Ground Zero
It’s interesting to think about how the paths we follow in our lives lead us to different points which can easily be compared with the aftermath of some devastating explosion. When we experience the death of a loved one, the life we knew while they lived is destroyed before our eyes. The shards of what was once familiar can only be seen through the veil of loss and reluctantly… we move on. We soon find ourselves hoping that someday the devastation will be so far behind us that we can feel the loss with better understanding and renewed hope.
The same can be said when we find our view of the world altered by new life or a new perspective. Seeing your child for the first time will also place you in ground zero. Before you are a parent, you are single person who may be part of a larger family or part of a marriage, but when you have a child, you are no longer a single part of anything. You are a parent. The responsibility for another that looks to you as the protector and provider takes hold like nothing else and changes the world forever.

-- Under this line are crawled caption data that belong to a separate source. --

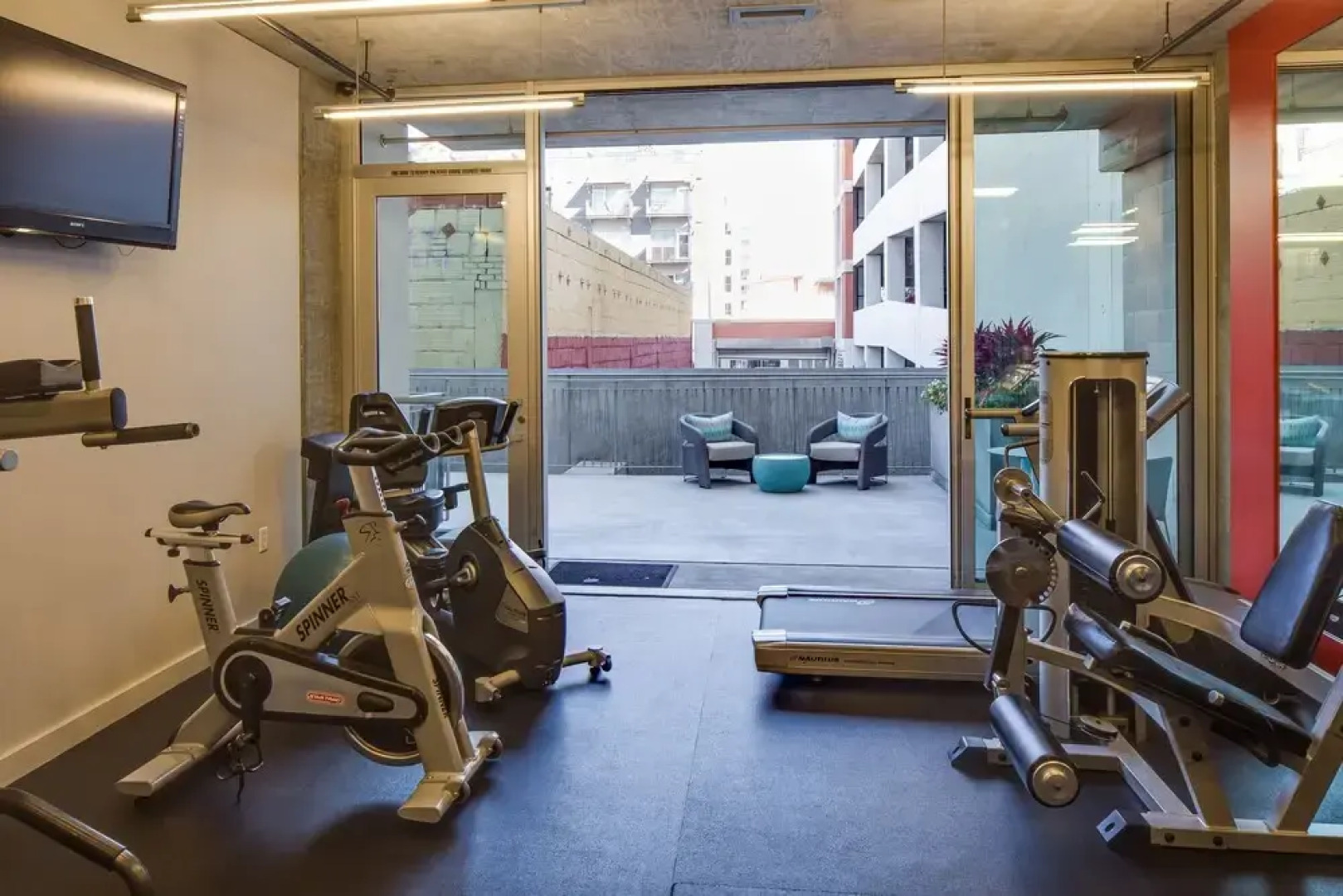 Stay Alfred on 6th Avenue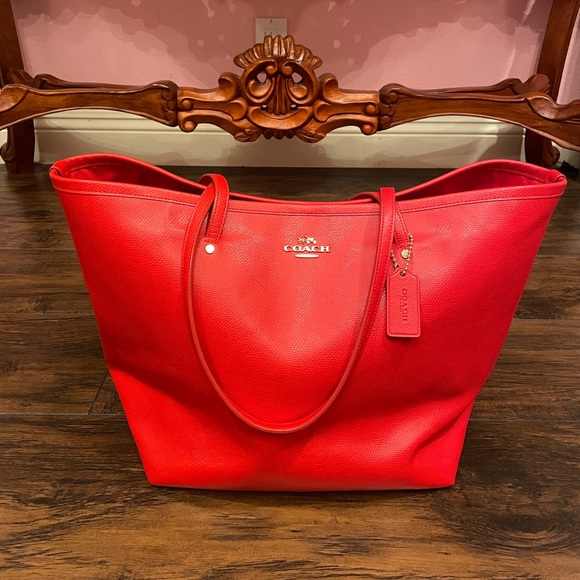 Red Coach Tote - Picture 3 of 8
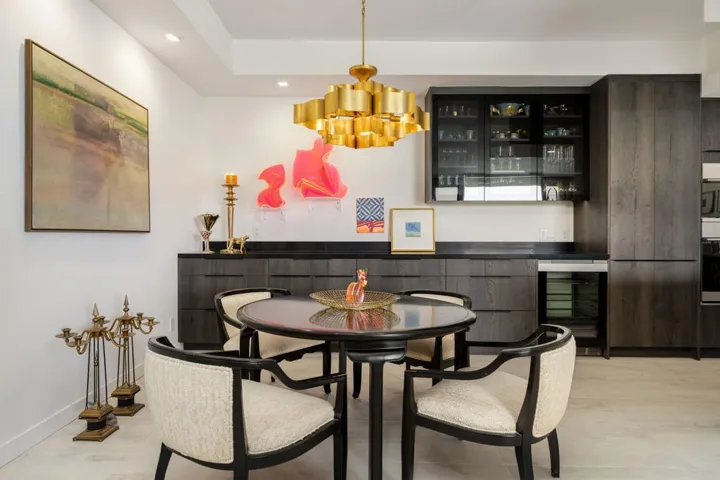 Breakfast nook and Beverage Area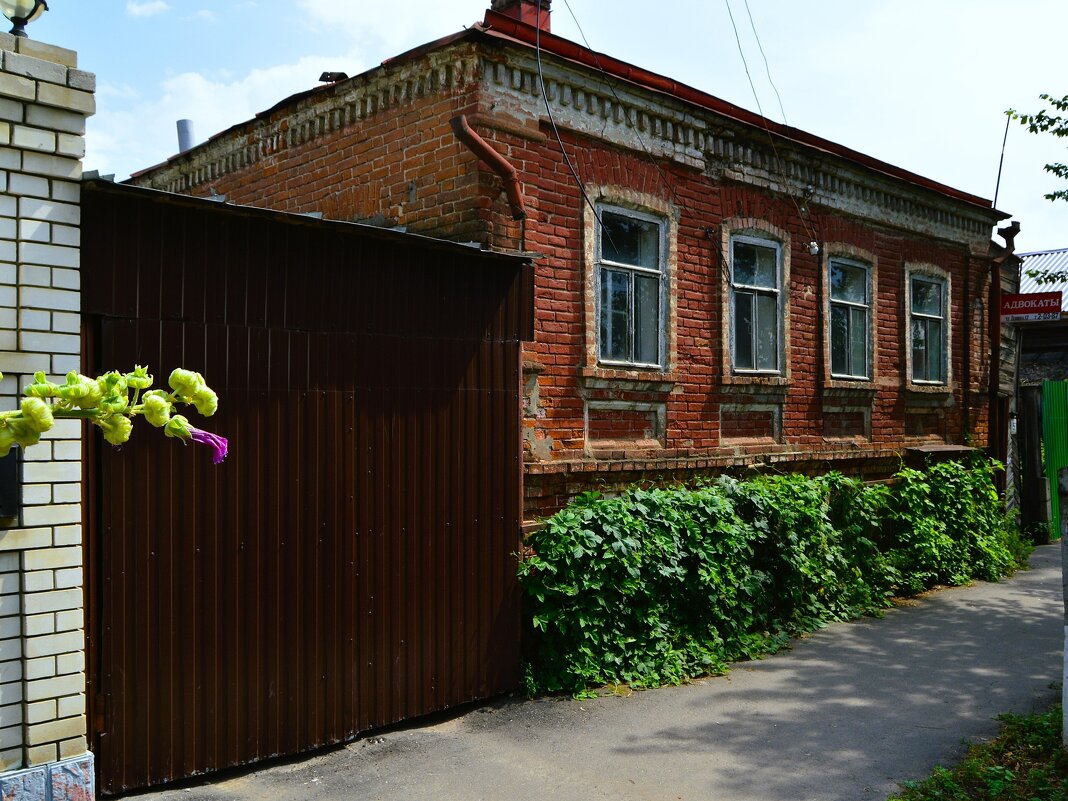 Алатырь. Дом по ул. Ленина 57. - Пётр Чернега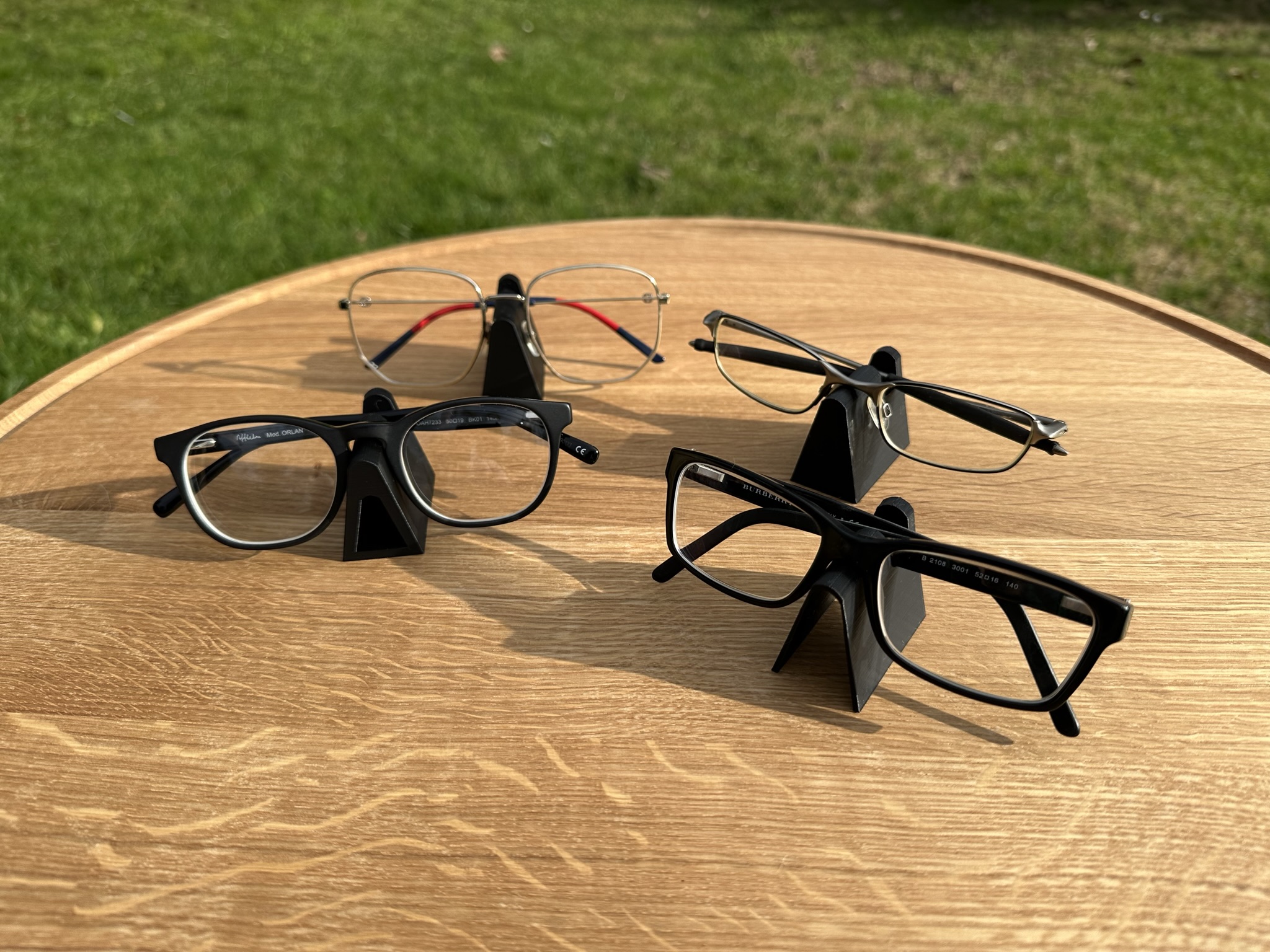 Minimalist eyeglasses holders (4 variants)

Some people call these moments epiphanies of life and some call them paradigm shifts. I always think of them as explosions. The life that existed before these moments took place can only exists in our memories, and in our hearts. You will never again spend time with the one who you have lost, but you will forever hold them in your heart and mind because they continue to mean so much even after departing. Similarly, you will never again see the world as someone who did not have a child after you have one. That persona is gone and who you are from that moment on will always be someone else.
These events that take place in our lives may seem great or small to the rest of the world, but inside of us, they are world breakers. Your first love, your first job, your first paycheck, your first betrayal, your first great accomplishment…
In time, each of us find our lives starting over again and again. We laugh, we cry and we continue… For in the end, these moments are what makes life such a tragic, adventurous, terrifyingly wonderful miracle.